I have never brought my mind to consent to the dissolution peaceably. I know it may be asked, Is it not better to dissolve before war than after? But I ask, Is it not better to fight before dissolution than after? If the North and South cannot live in the Union without war, how can they live and expand as dissevered nations without it? May it not be an economy of bloodshed to tell the South that disunion is war, and that the United States Government will protect its property and execute its laws at all hazards.

I confess the great weight of the thought in your letter of the Plymouth and Jamestown ideas, and their vital and utter antagonism. This conflict may yet break the vase by the lustiness of its growth and strength, but the history of other nations gives me hope. Every government has periods when its strength and unity are tested. England has passed through the Wars of the Roses and the days of Cromwell. A monarchy is more easily overthrown than a republic, because its sovereignty is concentrated, and a single blow, if it be powerful enough, will crush it.

Burke, this is really a great time to live in, if any of us can only catch the cue of it. I am glad you write on these subjects, and you must blame yourself for having made me inflict on you the longest letter I have written to any one in more than a year.

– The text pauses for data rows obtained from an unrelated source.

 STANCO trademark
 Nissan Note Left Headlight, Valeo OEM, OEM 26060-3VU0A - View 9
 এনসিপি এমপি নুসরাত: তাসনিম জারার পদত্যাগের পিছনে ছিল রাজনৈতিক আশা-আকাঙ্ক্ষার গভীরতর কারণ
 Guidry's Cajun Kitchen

SOURCE: William Raston Balch, The Life of James Abram Garfield, p. 122

Wednesday, September 17, 2014

James A. Garfield to Burke A. Hinsdale, January 15, 1861

columbus, January 15th, 1861.

My heart and thoughts are full almost every moment with the terrible reality of our country's condition. We have learned so long to look upon the convulsions of European States as things wholly impossible here, that the people are slow in coming to the belief that there may be any breaking up of our institutions, but stern, awful certainty is fastening upon the hearts of men. I do not see any way, outside a miracle of God, which can avoid civil war with all its attendant horrors. Peaceable dissolution is utterly impossible. Indeed, I cannot say that I would wish it possible. To make the concessions demanded by the South would be hypocritical and sinful; they would neither be obeyed nor respected. I am inclined to believe that the sin of slavery is one of which it may be said that without the shedding of blood there is no remission. All that is left us as a State, or say as a company of Northern States, is to arm and prepare to defend ourselves and the Federal Government. I believe the doom of slavery is drawing near. Let war come, and the slaves will get the vague notion that it is waged for them, and a magazine will be lighted whose explosion will shake the whole fabric of slavery. Even if all this happen, I cannot yet abandon the belief that the government will rule this continent, and its people be one people.

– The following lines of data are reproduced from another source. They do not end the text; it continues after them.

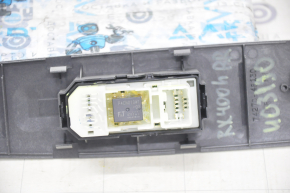 Rear right window lift control Lexus RX300 RX330 RX350 RX400h 04-09 worn out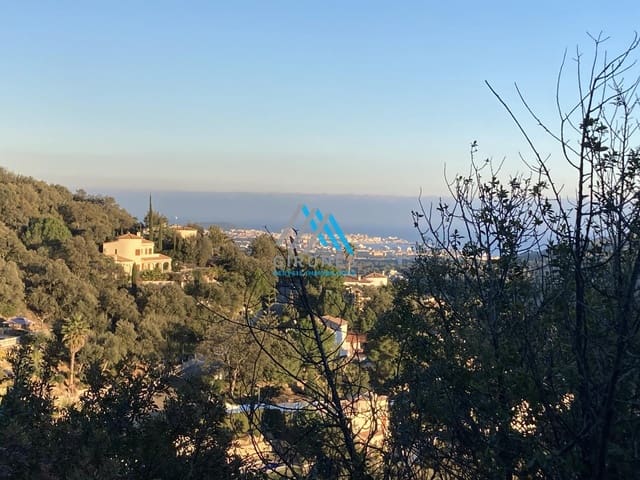 Area Edificabile in vendita in Calonge i Sant Antoni - 96.600 € (Rif: 9890764)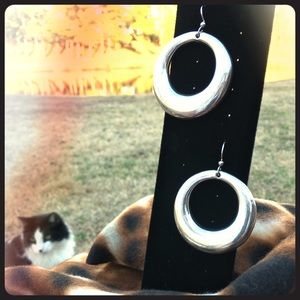 Simon Sebbag Design(SSD) sterling earrings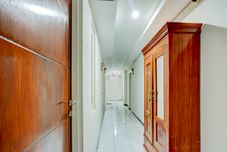 공용 공간 Tambakbening Residence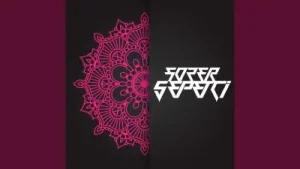 Sözer Sepetçi When Dabke Meets Albüm Kapağı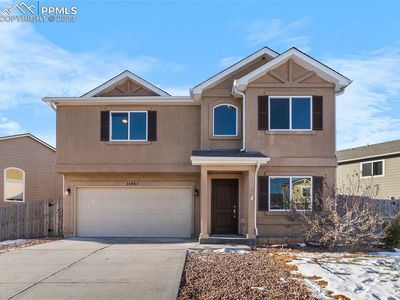 11461 Avena Rd, Peyton, CO, 80831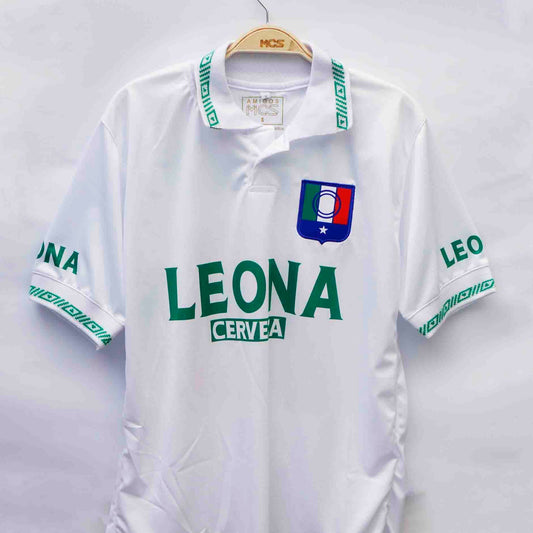 Camiseta Once Caldas 1996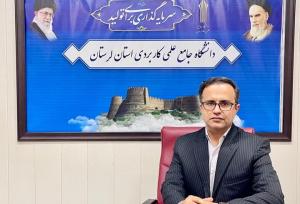 دیگر نمی‌توان به دولت برای اشتغال تکیه کرد؛ دانشجویان کارآفرین شوند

Meantime, what will be the influence of the times on individuals? Your question is very interesting and suggestive. The doubt that hangs over the whole issue bears touching also. It may be the duty of our young men to join the army, or they may be drafted without their own consent. If neither of these things happen, there will be a period when old men and young will be electrified by the spirit of the times, and one result will be to make every individuality more marked and their opinions more decisive. I believe the times will be even more favorable than calm ones for the formation of strong and forcible characters.

Just at this time (have you observed the fact?) we have no man who has power to ride upon the storm and direct it. The hour has come, but not the man. The crisis will make many such. But I do not love to speculate on so painful a theme.  *  *  *  I am chosen to respond to a toast on the Union at the State Printers' Festival here next Thursday evening. It is a sad and difficult theme at this time.